Although the data below contains pictures, output only the lines between those holding "Detail Gallery Image" and "Apartments In Rogoznica 36019 ภายนอก รูปภาพ", inclusive, exactly and without those pictures.

◆ **DATA EXTRACT**
= = = = = = =

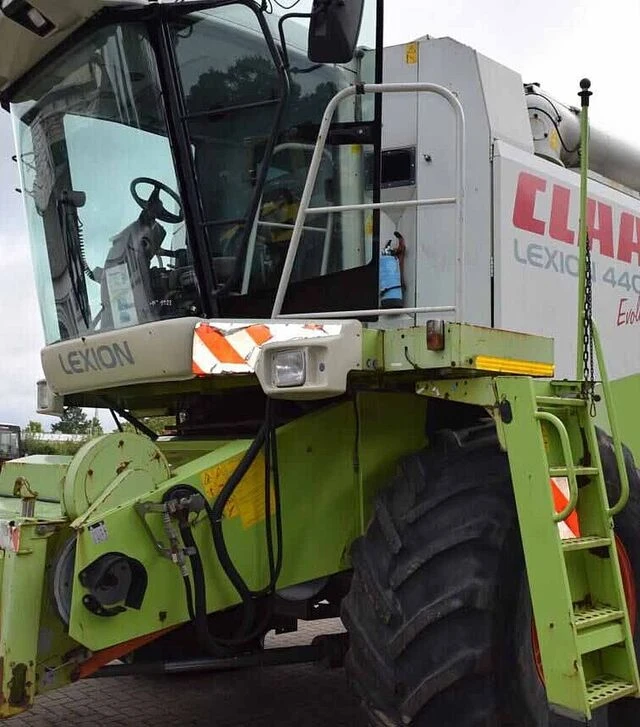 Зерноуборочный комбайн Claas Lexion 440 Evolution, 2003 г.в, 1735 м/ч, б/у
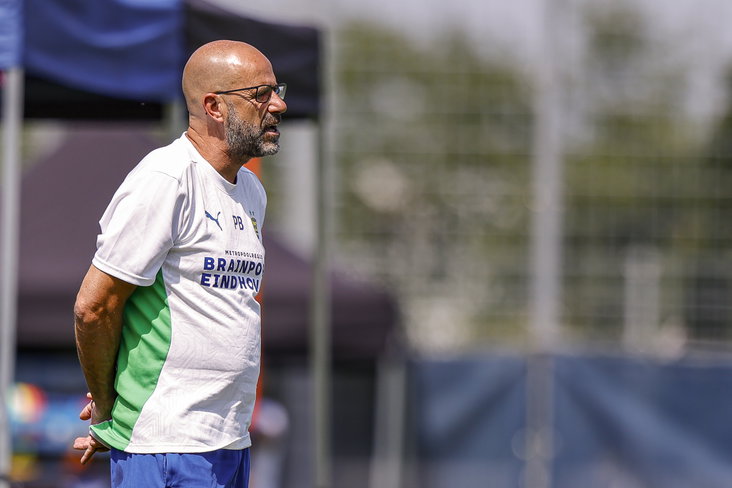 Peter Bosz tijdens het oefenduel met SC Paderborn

= = = = = = =

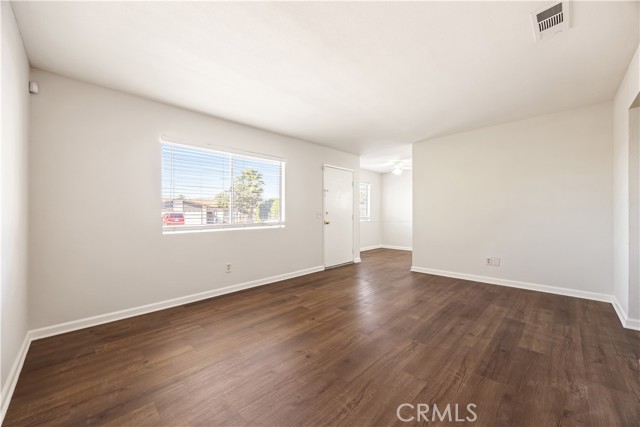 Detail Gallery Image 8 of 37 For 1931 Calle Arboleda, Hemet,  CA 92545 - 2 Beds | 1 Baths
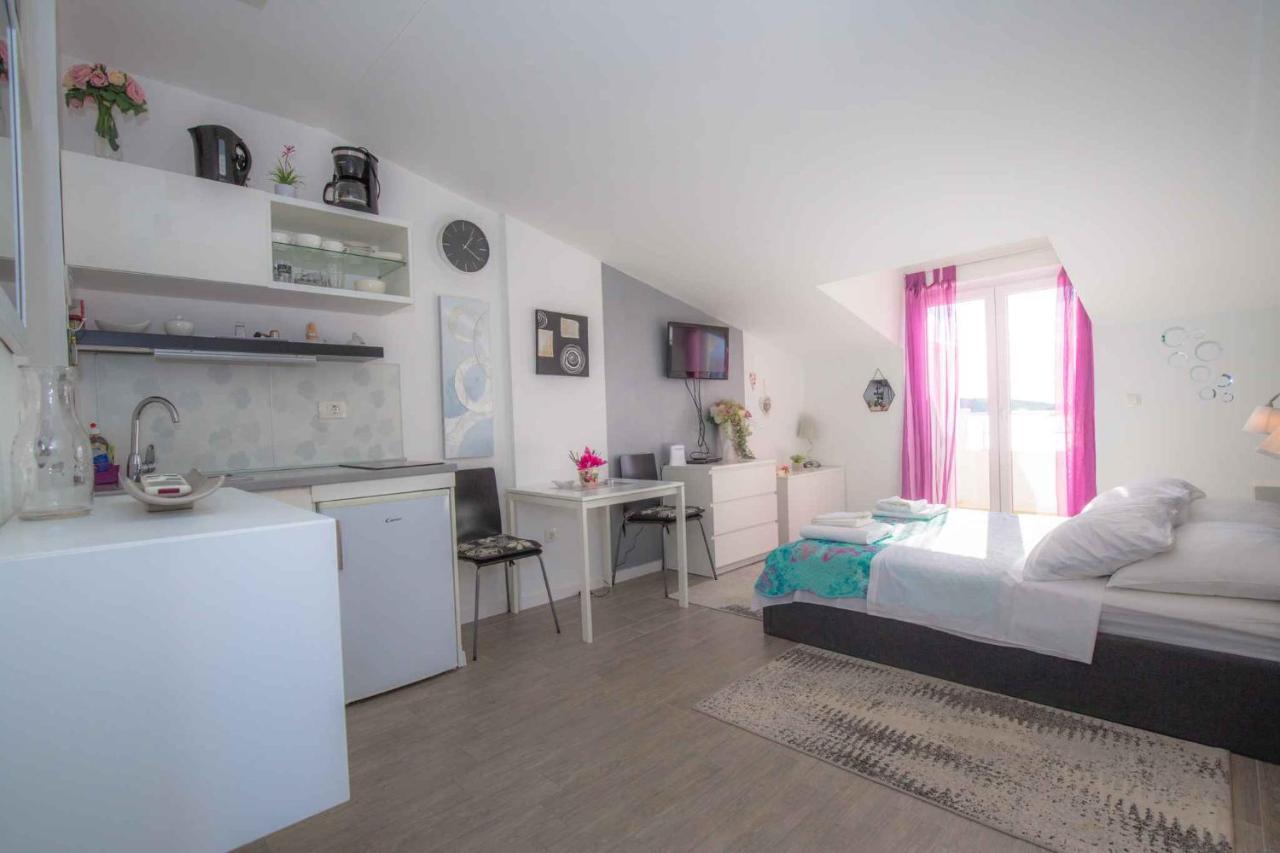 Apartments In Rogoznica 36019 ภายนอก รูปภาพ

= = = = = = =

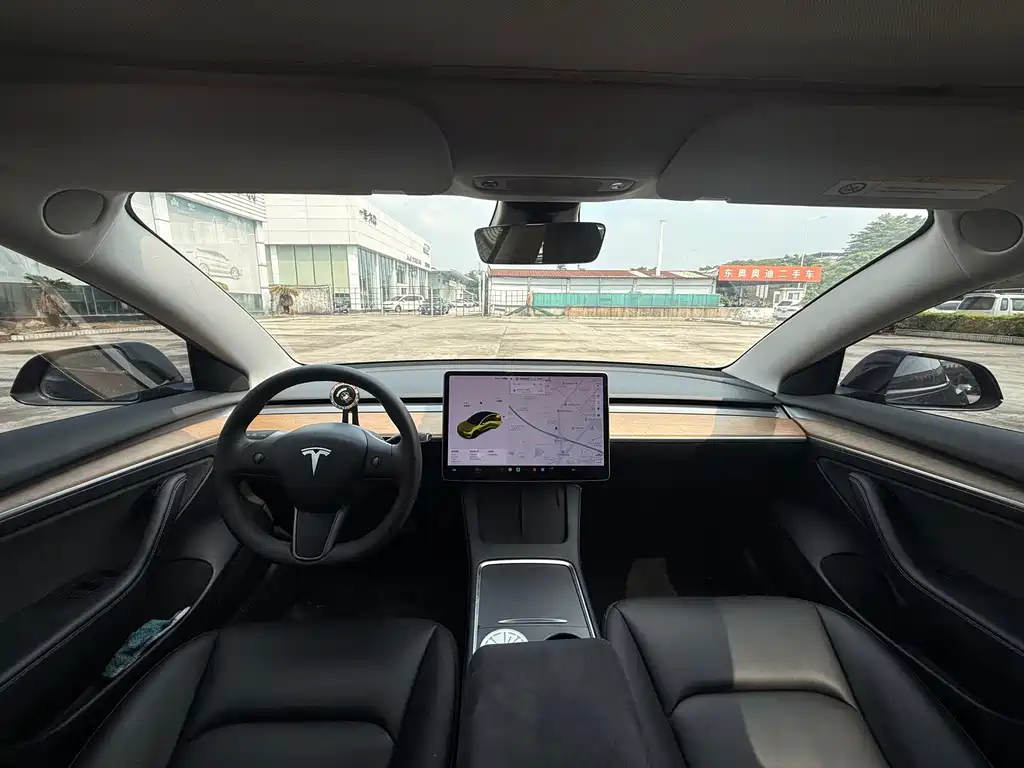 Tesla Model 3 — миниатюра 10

= = = = = = =

◆ **SOLUTION TO THE EXERCISE**
 Detail Gallery Image 8 of 37 For 1931 Calle Arboleda, Hemet,  CA 92545 - 2 Beds | 1 Baths
 Apartments In Rogoznica 36019 ภายนอก รูปภาพ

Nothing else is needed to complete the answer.